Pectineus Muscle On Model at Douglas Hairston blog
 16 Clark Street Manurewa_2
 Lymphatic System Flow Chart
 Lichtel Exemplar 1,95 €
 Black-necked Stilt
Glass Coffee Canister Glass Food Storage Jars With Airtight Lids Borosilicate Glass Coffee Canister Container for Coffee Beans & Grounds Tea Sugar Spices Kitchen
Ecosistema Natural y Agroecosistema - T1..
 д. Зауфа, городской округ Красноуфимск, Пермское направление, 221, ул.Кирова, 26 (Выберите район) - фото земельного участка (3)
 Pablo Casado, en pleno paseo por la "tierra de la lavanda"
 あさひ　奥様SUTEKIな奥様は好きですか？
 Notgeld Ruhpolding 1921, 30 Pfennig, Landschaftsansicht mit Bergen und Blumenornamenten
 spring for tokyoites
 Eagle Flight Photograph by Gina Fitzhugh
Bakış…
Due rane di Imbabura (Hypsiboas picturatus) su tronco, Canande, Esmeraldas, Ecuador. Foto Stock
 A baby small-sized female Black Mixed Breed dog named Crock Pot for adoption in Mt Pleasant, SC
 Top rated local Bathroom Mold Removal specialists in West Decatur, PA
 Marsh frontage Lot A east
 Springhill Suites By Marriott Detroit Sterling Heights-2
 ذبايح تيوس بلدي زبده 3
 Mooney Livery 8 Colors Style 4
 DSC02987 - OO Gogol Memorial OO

******

What you are asked to do:
When the line containing "Mooney Livery 8 Colors Style 4" is reached, return it and every later line through the end of the listing above, unaltered and alone.

Answer for this exercise:
 Mooney Livery 8 Colors Style 4
 DSC02987 - OO Gogol Memorial OO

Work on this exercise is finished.